Die Schwinge soll noch durch eine leichtere Alu-Schwinge ersetzt werden

Doch wie fährt sie sich, die R&R-Dyna? Beim Aufsteigen fällt zunächst auf, wie leicht sich das Bike anfühlt. Die Sitzhöhe ist für etwas größer gewachsene Mitteleuropäer perfekt, die Fußrastenposition passt. Nach dem Druck auf den Anlasserknopf bekommt man genau das, weswegen man Harley fährt: gieriges Schlürfen aus dem Einlasstrakt, sonores Donnergrollen aus dem (nicht ganz StVZO-konformen) 2-in-1-Auspuff. Der Twin Cam selbst ist mechanisch völlig original belassen, lediglich das Einspritz-Mapping wurde auf die offeneren Komponenten der Einlass- und Auslassseite abgestimmt; und das mit erstaunlichem Erfolg.

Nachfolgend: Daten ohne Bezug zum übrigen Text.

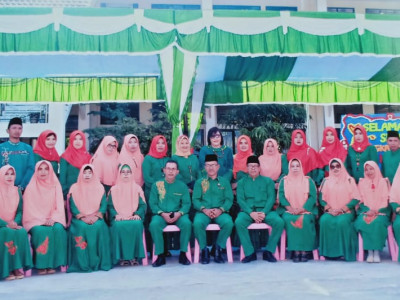 Foto Bersama Keluarga Besar SMA N 1 KM saat Perpisahan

Voll einstellbares Hyperpro-Fahrwerk

Das Ding ging echt ab wie Schmidts Katze, was beweist, dass man Harley-Motoren mit einigermaßen überschaubarem Aufwand mächtig auf die Sprünge helfen kann. Bei der ersten Fahrt erwies sich das Fahrwerk erwartungsgemäß als Waffe, bloß mit dem viel zu straffen Heck konnte ich mich partout nicht anfreunden. Kein Problem bei diesen Dämpfern. Schnell die Liste des Fahrwerkssetups rausgekramt, geschaut, wie die R&R-Jungs die Druckstufe voreingestellt hatten und mit einem Kreuzschlitzschraubendreher satte 11 Clicks in Richtung weicher gestellt. Danach hat es astrein gepasst. Das Setup des Frontends war super und jetzt zeigten die Hyperpros auch hinten, was sie können.

Astreine Sache: Der ergonomisch abgeschrägte Luftfilter von RSD bringt Platz fürs rechte Fahrerbein

Passend dazu gibt’s allerfeinstes Bremsenmaterial von Galfer und Brembo. Unterm Strich ein absolut geiler Hammer! Wenn ich nicht schon genügend Motorräder besäße, die hier wäre eine Kandidatin für meine Garage. Das perfekte Gerät für Menschen, die nicht einsehen wollen, dass man mit Motorrädern aus Milwaukee nur cruisen kann.